Questions: From Descriptive Statistics to Probability
5 questions to test your understanding
Score: 0 / 5
Question 1 Multiple Choice
A quality-control engineer knows that a manufacturing process produces defective parts with probability 0.02 and asks: 'In our next batch of 500 parts, how many defects should we expect?' A data analyst examines a batch of 500 parts, finds 14 defects, and asks: 'What is the true defect rate for this machine?' Which person is doing probability and which is doing statistics?
ABoth are doing statistics — both are working with numerical data
BBoth are doing probability — both are reasoning about defect rates
CThe engineer is doing probability (model → prediction); the analyst is doing statistics (data → model)
DThe engineer is doing statistics (using data to set expectations); the analyst is doing probability (estimating from observed counts)
Probability reasons forward from a known model to expected observations: the engineer knows the defect rate (0.02) and asks what data to expect. Statistics reasons backward from observed data to an unknown model: the analyst has data (14 defects) and is trying to infer the underlying process. These are opposite directions of inference. Option D reverses the distinction — expecting outcomes from a known model is probability, not statistics.
Question 2 Multiple Choice
A researcher computes a relative frequency of 0.31 from a sample of 50 observations and reports it as the probability of the event.
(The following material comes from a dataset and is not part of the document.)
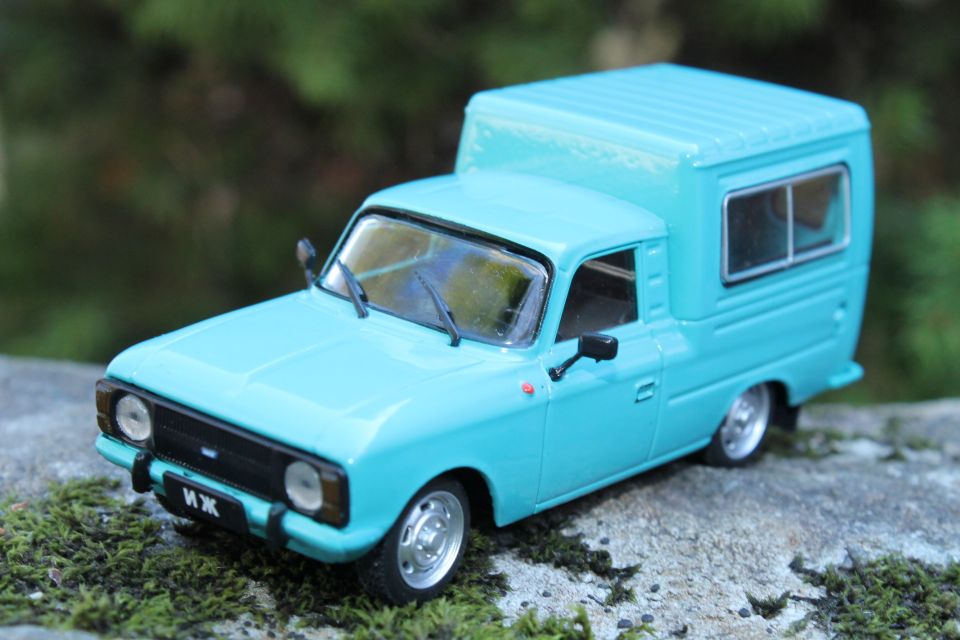 1988 pienoismalli metalliauto paketissa lava Mosse IZH 27156 Moskvitsh 1:43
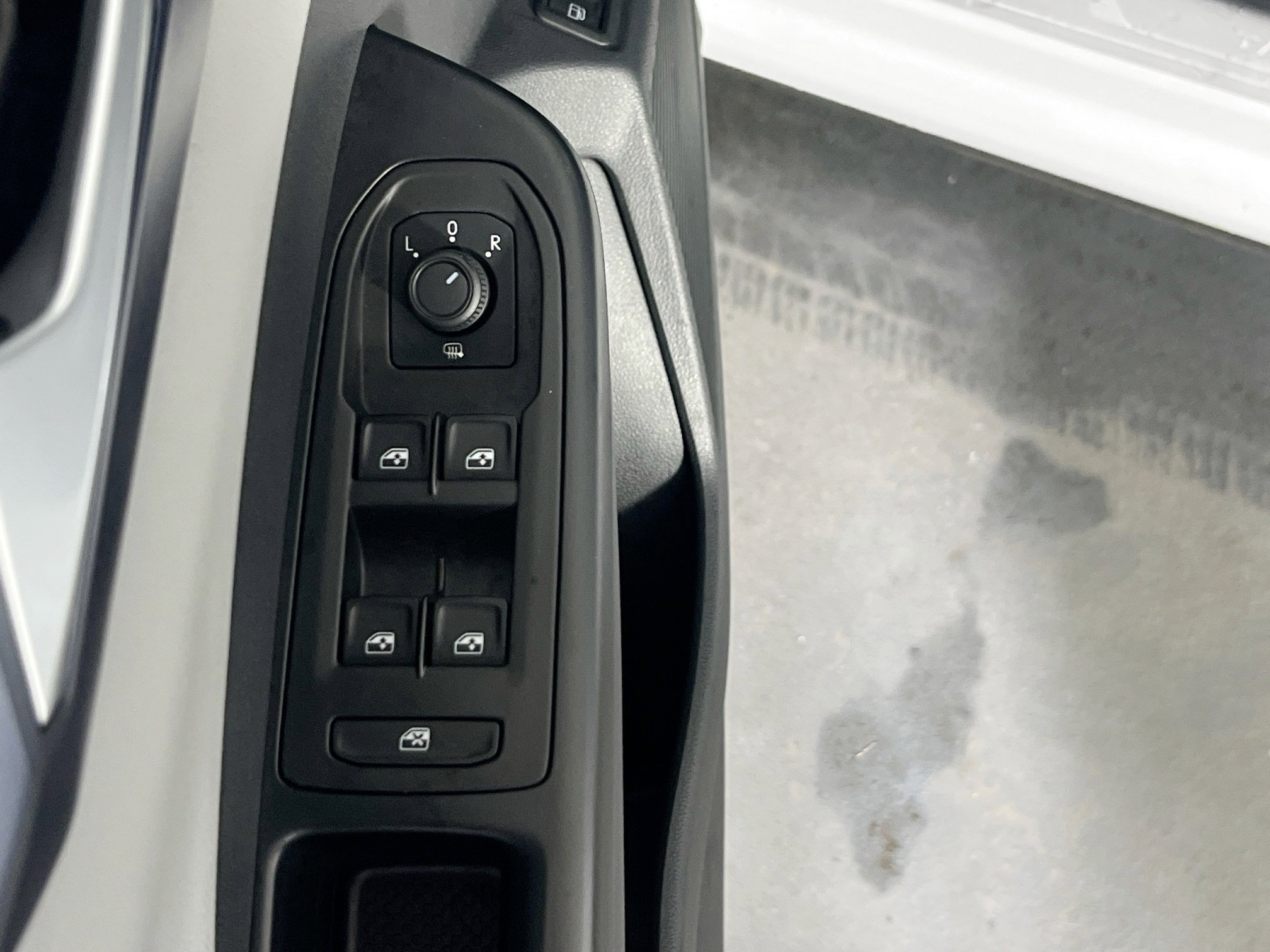 Used 2023 Volkswagen Taos SE AWD/4WD image 17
What is the main limitation of this claim?
ARelative frequency can never be used to estimate probability — it has no connection to the probability axioms
BA sample of 50 is too small for relative frequency to be a stable estimate; the true probability could plausibly be quite different
CThe researcher should have used a histogram rather than a single relative frequency
DProbability must be computed theoretically; empirical data cannot inform probability estimates
Relative frequency is a valid estimator of probability, but its accuracy depends on sample size. With n = 50, the estimate has high variance — the same underlying probability could produce relative frequencies anywhere from roughly 0.18 to 0.44 in repeated samples of this size. The Law of Large Numbers guarantees convergence as n grows, but 50 observations is not 'large' enough for a precise probability claim. Options A and D are wrong: relative frequency is exactly how empirical probability estimates are constructed.
Question 3 True / False
A relative frequency computed from a dataset is an estimate of an underlying probability, not the probability itself — the true probability could differ, especially with small samples.
TTrue
FFalse
Answer: True
This is the core epistemological point of the statistics-probability bridge. Observed relative frequencies are estimates that converge to the true probability as sample size grows (Law of Large Numbers). For finite samples, they carry uncertainty. Treating a relative frequency as if it were the exact probability leads to overconfidence — which is the root of many statistical errors in practice.
Question 4 True / False
Probability and statistics are essentially the same discipline — both use numbers to describe uncertainty.
TTrue
FFalse
Answer: False
They are distinct in direction of reasoning. Probability starts with a known model (a fair coin, a 2% defect rate) and deduces what data should look like. Statistics starts with observed data and tries to infer the unknown model that generated it. They are inverse operations: statistics uses data to estimate the input that probability uses as its starting point. Conflating them leads to circular reasoning — using your data to estimate a probability, then treating that probability as if it were known when interpreting the same data.
Question 5 Short Answer
What conceptual shift occurs when you move from treating data as 'a collection of fixed facts' to treating it as 'one sample from a random process,' and why does this shift matter?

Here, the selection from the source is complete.